I “superstiti” saranno tredici su venti, dopo i tagli previsti dal nuovo piano, tutti con eliporti da modernizzare e mettere in sicurezza, perché proprio gli elicotteri del 118 saranno la chiave di volta della riforma sanitaria abruzzese. È stato questo il messaggio principale venuto fuori dalla festa evento per i vent’anni di attività del 118, nato a Chieti nel settembre del 1995 per soddisfare il bisogno della popolazione di avere una risposta immediata ed efficace alle esigenze di pronto soccorso sul territorio. La serata si è svolta sabato scorso al ristorante La Castellana di Torrevecchia Teatina, alla presenza di decine di operatori del soccorso pubblico, coordinati da Dante Ranalletta, dell’assessore Paolucci, di Mascitelli, del direttore generale della Asl Lanciano Vasto Chieti, Pasquale Flacco, del rappresentanti della prefettura teatina, Giovanni Giove, dell’assessore comunale, Mario Colantonio, e di tanti altri amministratori e responsabili della Asl teatina. Una cosa è certa, dopo questi primi vent’anni, ruolo e attrezzature del 118 vanno potenziati assolutamente perché i dati diffusi nel corso della serata inevitabilmente raddoppieranno, o persino triplicheranno, nei prossimi anni. Uno su tutti: dal primo gennaio 2015 al 30 ottobre scorso, i soccorsi attraverso l’elicottero sono stati 466 (con 315 interventi primari attivati direttamente dal territorio e 151 interventi secondari). Ma anche gli altri numeri, resi noti per tracciare un bilancio dell’attività svolta nel corso dell’anno che sta per terminare, aiutano a disegnare lo spessore dell’impegno e del lavoro a servizio del territorio messo in atto dagli operatori del soccorso.
Sono stati, ad esempio, 117.500 gli utenti che hanno telefonato al 118 in cerca di aiuto. E 22.000 sono state invece le missioni di soccorso effettuale con 17.000 pazienti trasportati in ospedale. 3.580 sono stati i tracciati ecografici inviati attraverso apparecchiature a bordo di tutte le ambulanze presenti sul territorio per sospetto infarto miocardico acuto; di questi 62 hanno riguardato pazienti risultati colpiti da infarto e bisognosi di procedure emodinamiche risolutive (57 sono stati trasportati all’ospedale di Chieti e 5 in quello di Pescara), di cui 14 trasportati con l’elisoccorso.

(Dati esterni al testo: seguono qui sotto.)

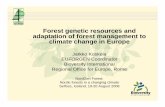 Forest genetic resources and adaptation of forest ... · Forest genetic resources and adaptation of forest management to climate change in Europe Jarkko Koskela EUFORGEN Coordinator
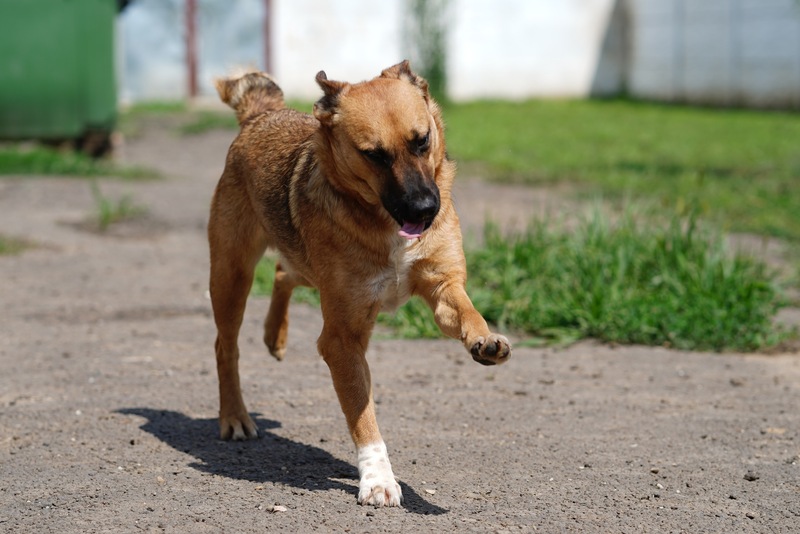 Mischlingshund SOCKE aus Rumänien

56 sono stati invece gli interventi per casi di ictus ischemico, 21 trasportati allo Stroke unit del policlinico teatino, 33 all’ospedale di Lanciano e 2 in quello di Pescara. 68, infine, sono stati i casi di politrauma, di cui 37 fini all’ospedale di Chieti e 31 a Pescara. È stato ricordato, inoltre, come gli operatori del 118 portino a termine attività di formazione continua, con il risultato che, nell’anno in corso, hanno contribuito alla formazione di 700 nuovi esecutori di pratiche di primo soccorso. Inoltre è stato anche sottolineato come gli operatori del 118 abbiano garantito l’assistenza sanitaria durante tutte le manifestazioni sportive che hanno visto protagoniste la Chieti calcio e la Virtus Lanciano.
Nel corso della serata è stato infine sottolineato come dal primo ottobre scorso siano state attivate sei nuove postazioni del 118 operative su tutto il territorio della provincia teatina, supplendo così alla rimodulazione della rete ospedaliera. Ma ci aspetta un 2016 di grandi cambiamenti.